■ Available data ■
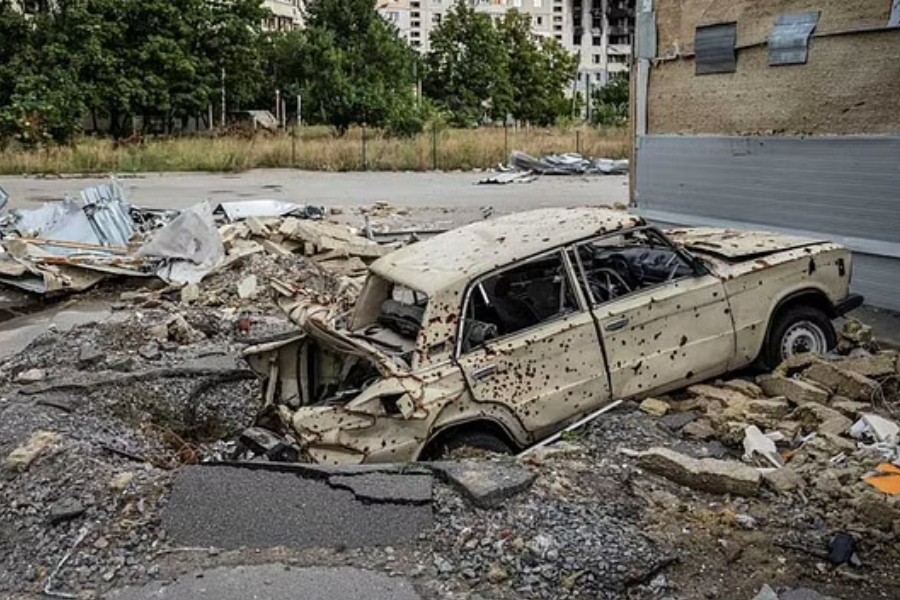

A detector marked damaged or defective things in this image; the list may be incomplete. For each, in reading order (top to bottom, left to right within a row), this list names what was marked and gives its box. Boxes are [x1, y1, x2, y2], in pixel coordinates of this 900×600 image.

damaged roof panel [370, 207, 644, 296]
destroyed white car [243, 206, 860, 464]
damaged brick building [628, 3, 900, 314]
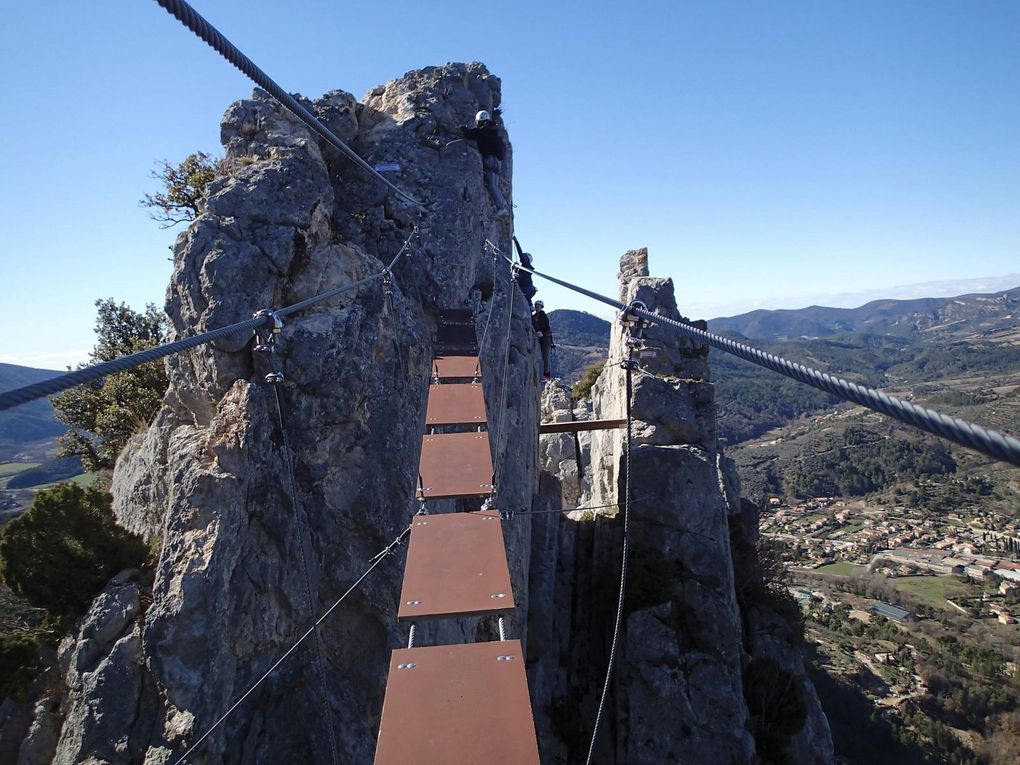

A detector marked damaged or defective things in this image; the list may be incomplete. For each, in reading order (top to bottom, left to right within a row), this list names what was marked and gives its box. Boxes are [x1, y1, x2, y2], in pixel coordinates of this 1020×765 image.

rusty metal plank [430, 354, 477, 381]
rusty metal plank [422, 385, 485, 428]
rusty metal plank [538, 416, 624, 434]
rusty metal plank [416, 434, 491, 499]
rusty metal plank [395, 512, 514, 620]
rusty metal plank [375, 640, 542, 765]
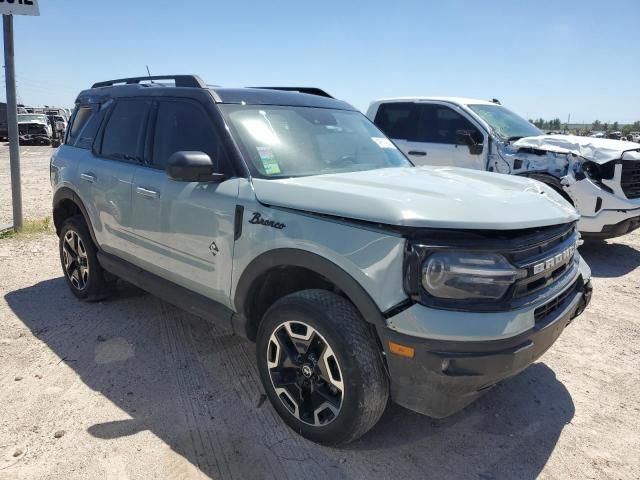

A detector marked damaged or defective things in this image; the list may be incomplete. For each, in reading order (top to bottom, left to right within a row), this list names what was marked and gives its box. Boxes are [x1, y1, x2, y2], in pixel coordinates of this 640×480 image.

damaged white truck [368, 97, 640, 240]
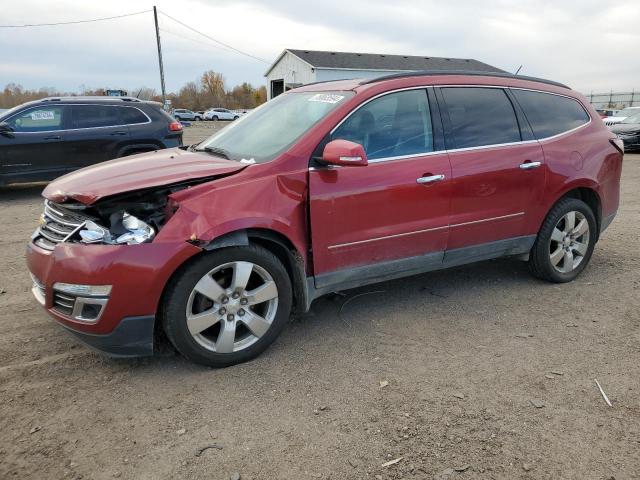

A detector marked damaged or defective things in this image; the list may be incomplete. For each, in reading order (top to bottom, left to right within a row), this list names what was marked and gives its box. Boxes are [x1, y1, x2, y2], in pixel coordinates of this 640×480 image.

crumpled hood [42, 148, 246, 204]
broken headlight [79, 213, 156, 246]
damaged front end [34, 178, 202, 249]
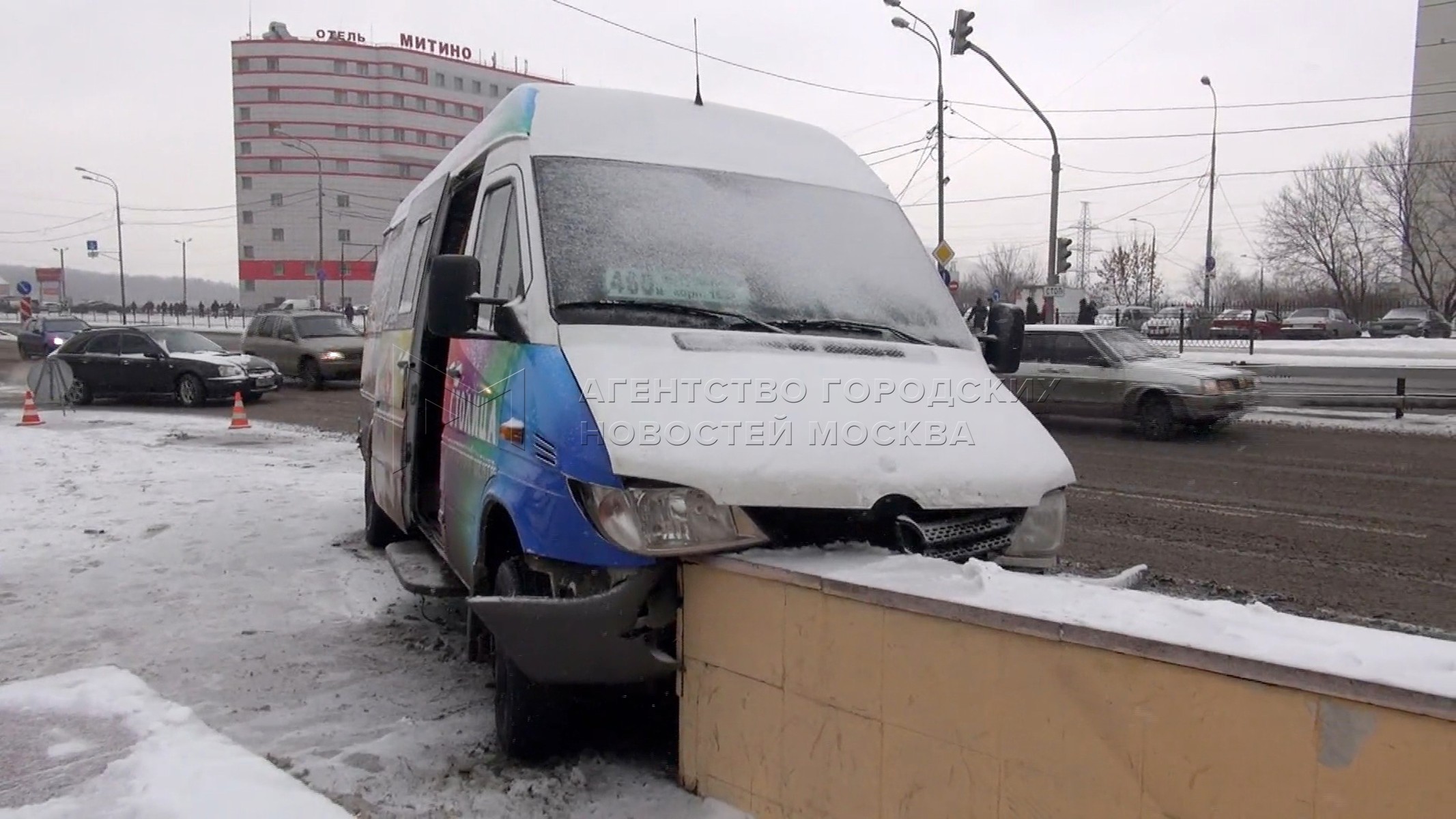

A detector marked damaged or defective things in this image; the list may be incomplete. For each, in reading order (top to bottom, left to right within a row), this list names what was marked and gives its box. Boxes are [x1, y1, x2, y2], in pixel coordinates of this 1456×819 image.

■ About this exercise ■
Recopy the full listing exactly, passing over any picture.

■ Completed exercise ■
A detector marked damaged or defective things in this image; the list may be incomplete. For each, in reading order (top to bottom, left to right within a row), this list names what was marked and gives its box. Boxes are [x1, y1, x2, y2], in pixel coordinates of this 900×600 image.

damaged roof panel [370, 207, 644, 296]
destroyed white car [243, 206, 860, 464]
damaged brick building [628, 3, 900, 314]

A detector marked damaged or defective things in this image; the list may be incomplete. For each, in reading order (top to bottom, left to right within a row), this list names what was marked and gives its box. Boxes are [x1, y1, x2, y2], in pixel coordinates of this 1020×765 image.

rusty metal plank [430, 354, 477, 381]
rusty metal plank [422, 385, 485, 428]
rusty metal plank [538, 416, 624, 434]
rusty metal plank [416, 434, 491, 499]
rusty metal plank [395, 512, 514, 620]
rusty metal plank [375, 640, 542, 765]

A detector marked damaged or defective things in this image; the list may be incomplete. For each, in reading order (top to bottom, left to right within a row), this list names what was marked and gives its box. Boxes are [x1, y1, x2, y2], in pixel coordinates of this 640×480 image.

damaged white truck [368, 97, 640, 240]

A detector marked damaged or defective things in this image; the list may be incomplete. For each, in reading order (top to bottom, left to right within a row), this list names what was marked and gives its box. Boxes are [x1, y1, x2, y2], in pixel coordinates of this 640×480 image.

crumpled hood [42, 148, 246, 204]
broken headlight [79, 213, 156, 246]
damaged front end [34, 178, 202, 249]

A detector marked damaged or defective things in this image; the list may be incomplete. For each, in reading order (top to bottom, left to right within a row), this list names what was marked and gives its box. Boxes are [x1, y1, x2, y2], in pixel coordinates of this 1456×819 image.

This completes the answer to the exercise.